Go Here and check out the section of MutableData.
https://safe-network-explained.github.io/architecture

“The content of mutable data may point to other mutable data, allowing the creation of chains of mutable data [6] that can be used for many purposes such as version control and branching, verifiable history and data recovery.”

I think you will find that what is described is that the network has the inherent capability do exactly what you want… It might just take an app developer to implement it in the manner you desire.

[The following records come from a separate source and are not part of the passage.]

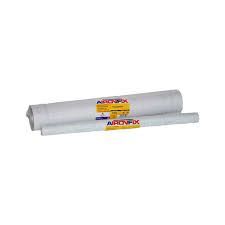 ROLLO AIRONFIX 0,45X20M BLANCO BRILLO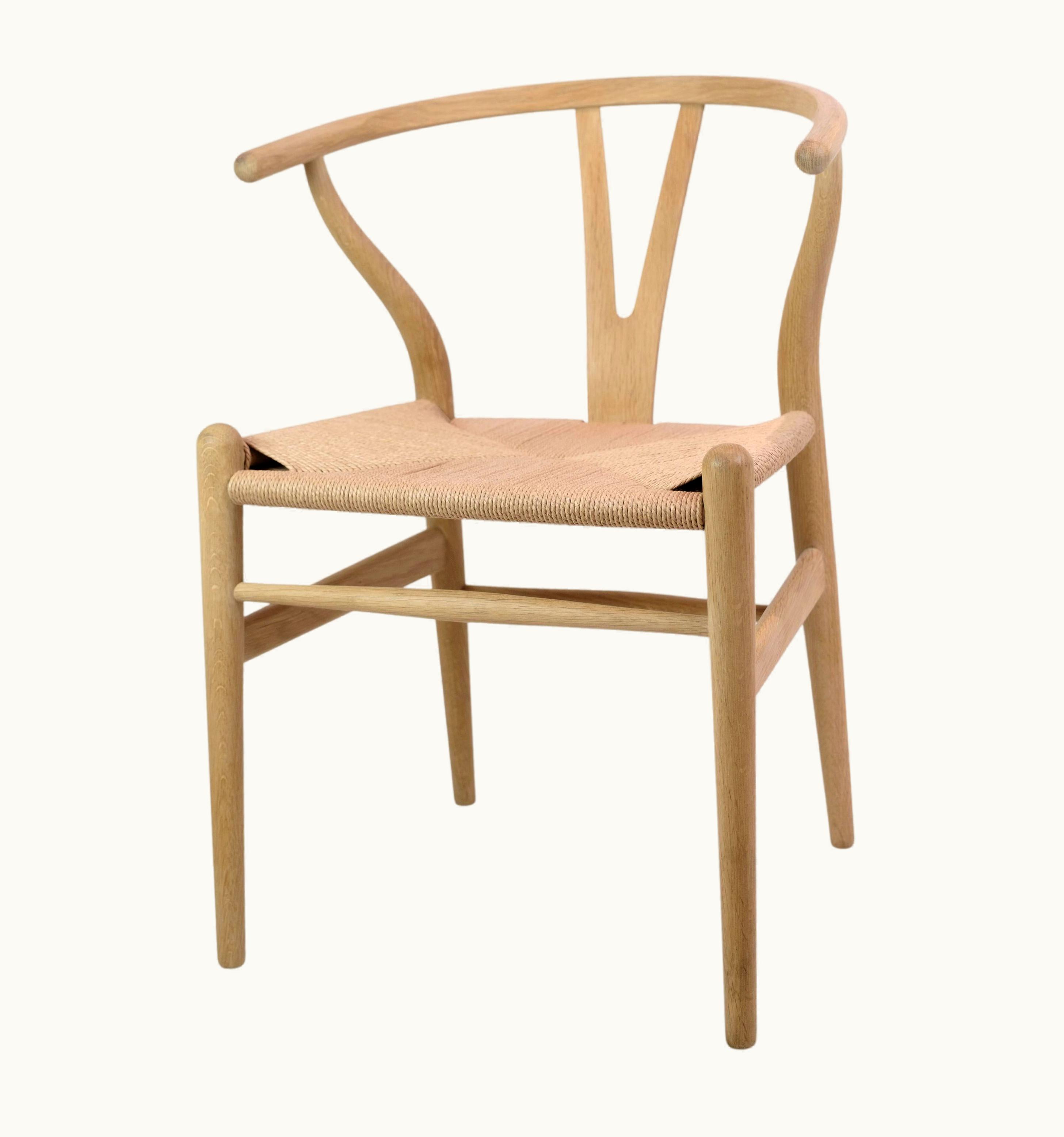 Hans J. Wegner Hans J. Wegner Y Chair, Model CH24, Hans J. Wegner In Oak, 1950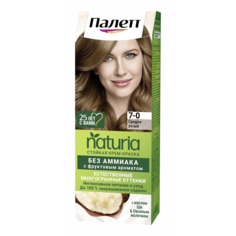 Крем-краска для волос Palette Naturia 7.0 Средне-русый 110 мл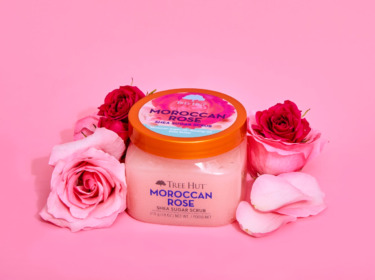 Tree Hut Moroccan Rose Sugar Scrub 510 г — Скраб для тіла з ароматом троянди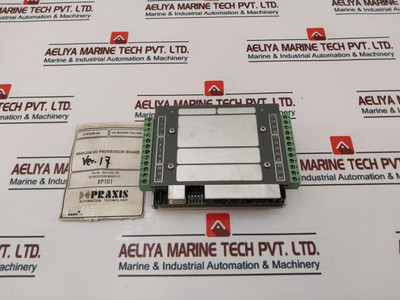 Praxis Automation 98.6.049.706 I/O Processor Board Xp 101 Ver 17 Praxis Automation 98.6.049.706 I/O Processor Board Xp 101 Ver 17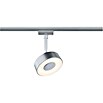 Paulmann URail LED-Spot Circle 3-Step-Dim (Chrom matt, Warmweiß) | BAUHAUS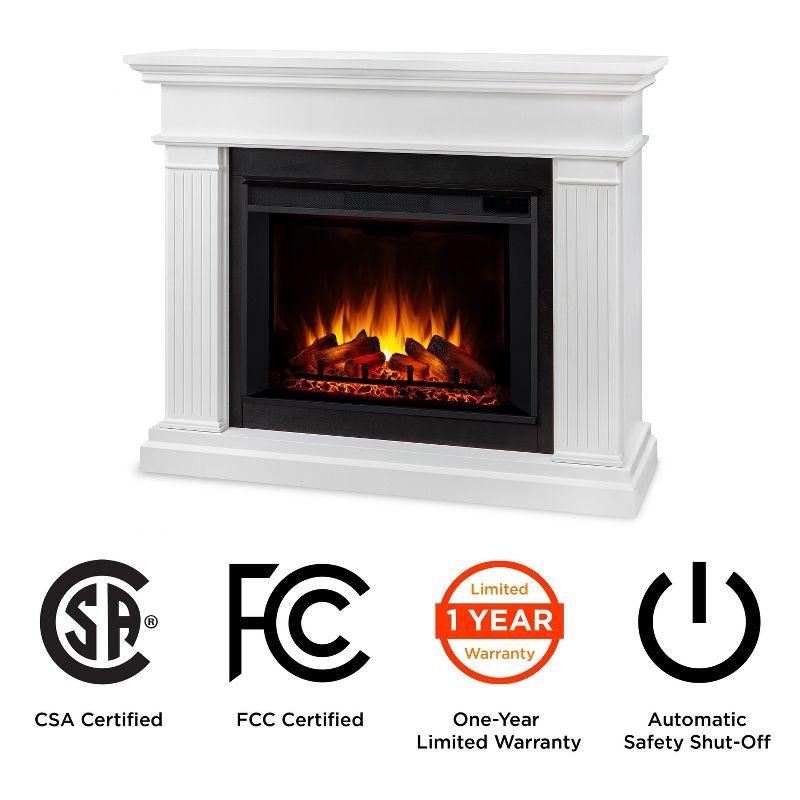 Centennial Grand 56" Electric Fireplace by Real Flame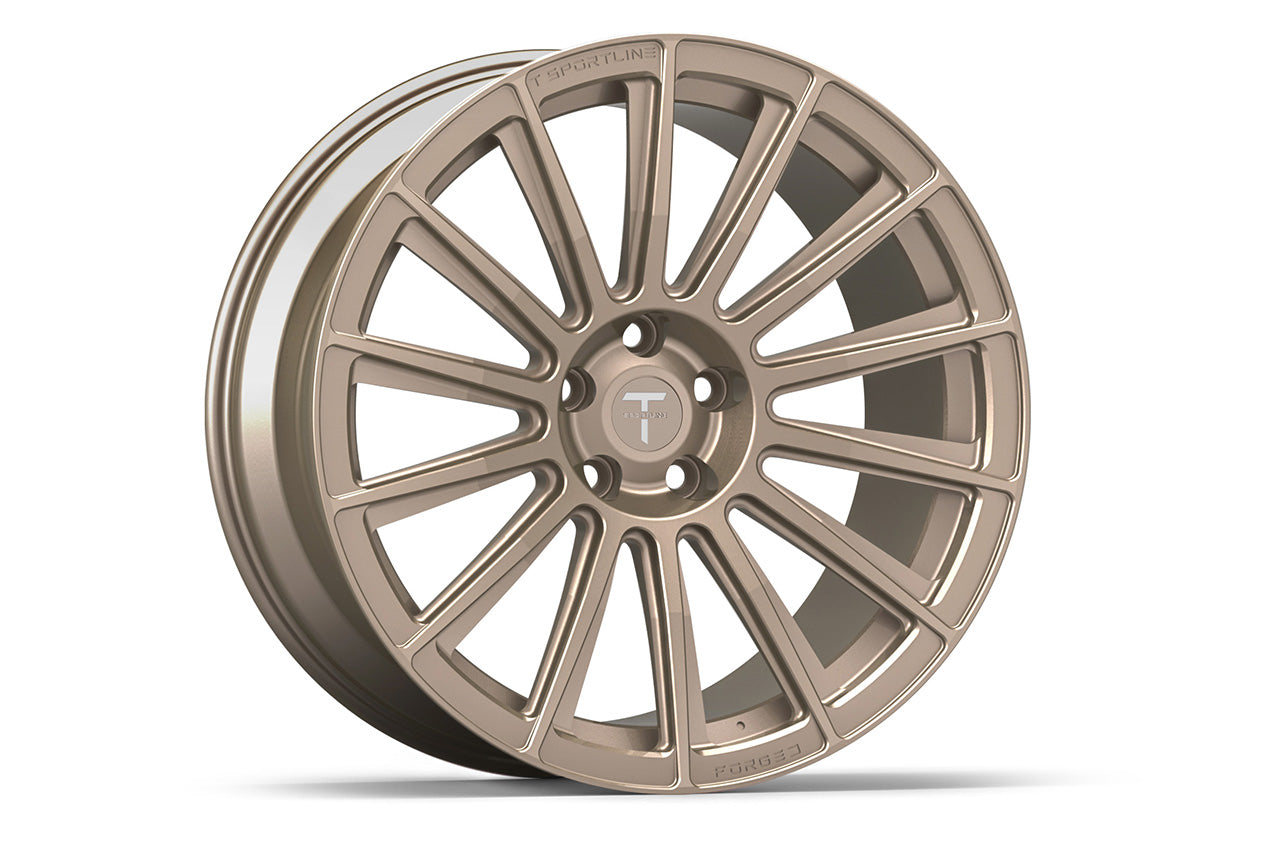 TS114 21" Tesla Model S Long Range & Plaid Wheel (Set of 4)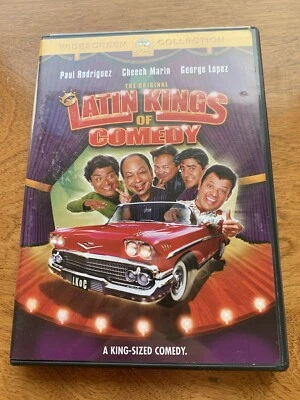 The Original Latin Kings Of Comedy DVD Widescreen Collection  Foto 1 de 4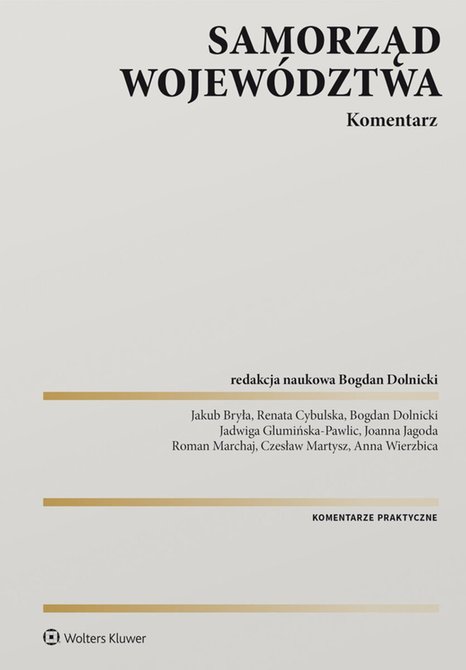 ebooki: Samorząd województwa. Komentarz – ebook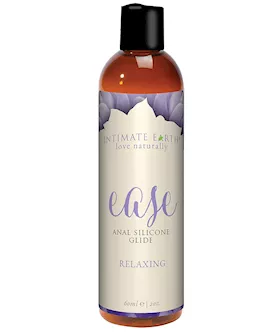 Intimate Earth Soothe Ease Relaxing Bisabolol Anal Silicone Lubricant  60 ml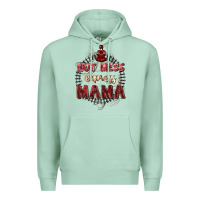Seafoam Hot mess express mama Mother's Day Premium Hoodie - FaDigitalArtStudio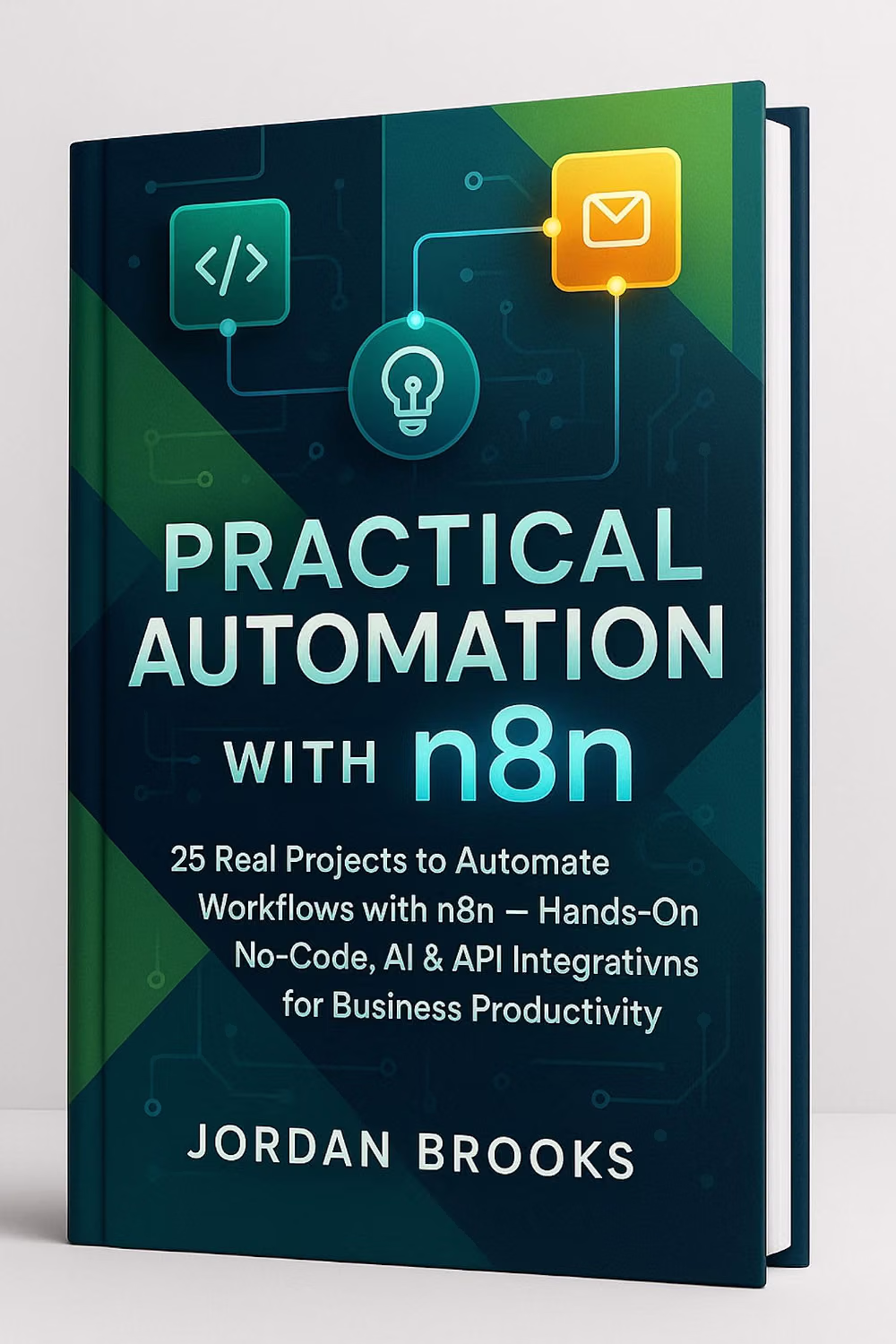 Practical Automation with n8n book cover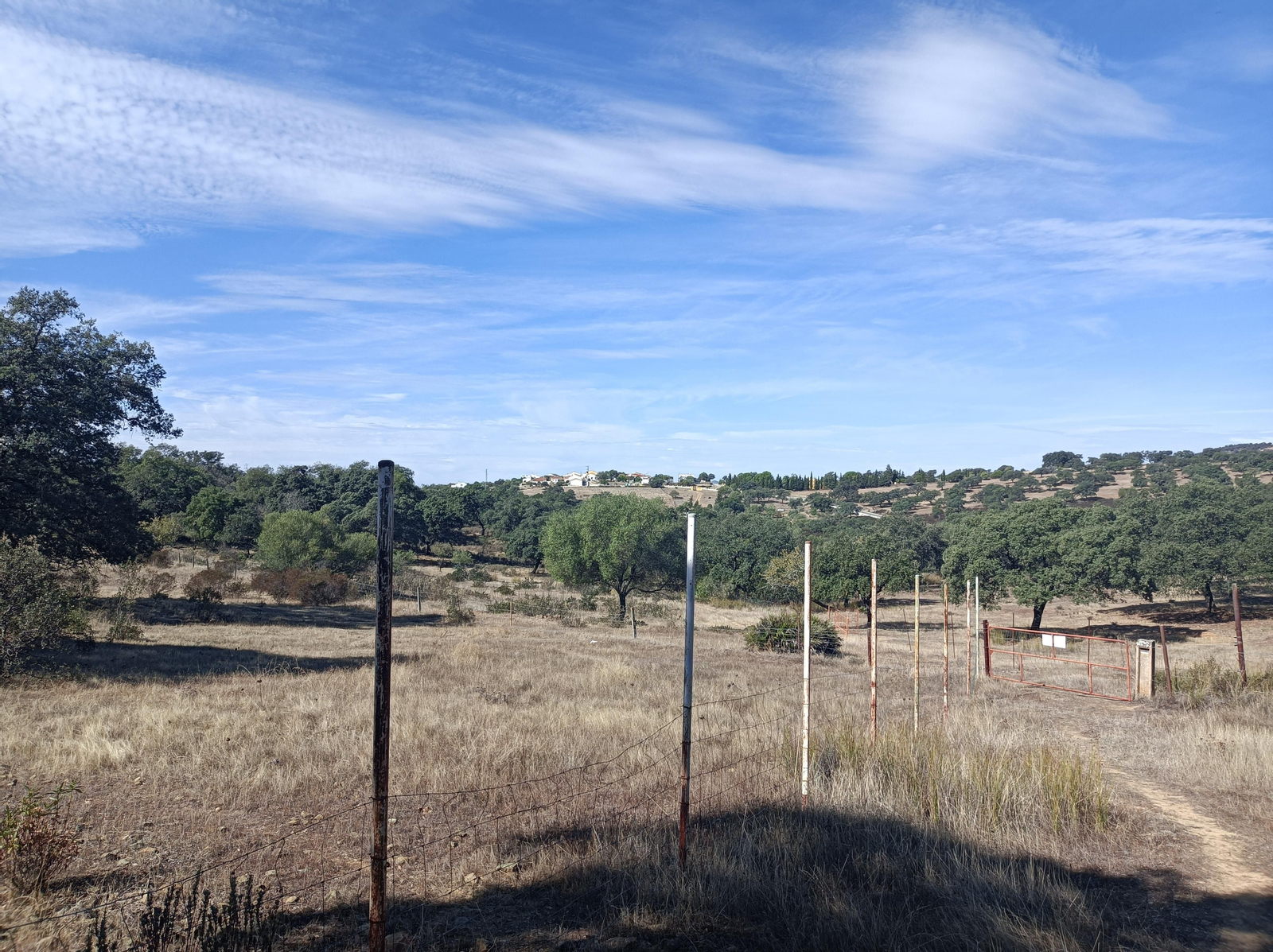 Toca volver por el mismo camino al punto de partida.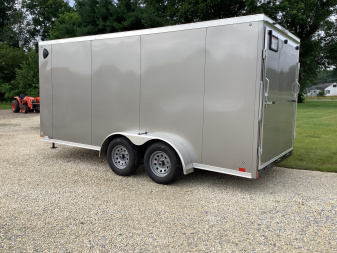 New 2025 Cross Trailers 7x16TA-Alpha Cargo / Enclosed Trailer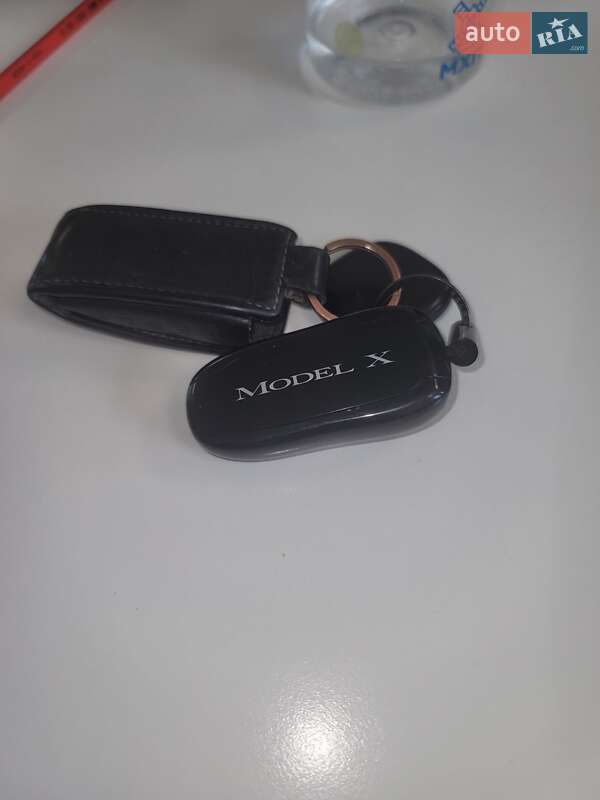Позашляховик / Кросовер Tesla Model X 2016 в Києві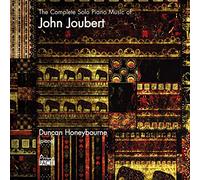 Duncan Honeybourne - The Complete Solo Piano Music Of John Joubert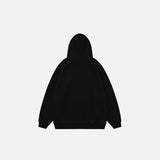 "Refused Change" Lightning Graphic Hoodie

So if MaidSafe comes up with a standard for version control, involving pointers to previous versions, I guess it wouldn’t take much to adapt that standard with file splitting in mind when that feature starts being tested (​:

One thing I don’t think we’ve talked about in this thread, but also bolsters your desire for “pre-chunking”, is the ability to use multiple threads on a single file. Pre-chunking large files into 4 or 8 pieces, then self-encrypting each piece in parallel sure would speed things up a bit on typical commodity desktop hardware. Especially if you write an app with a threadripper or GPU acceleration in mind.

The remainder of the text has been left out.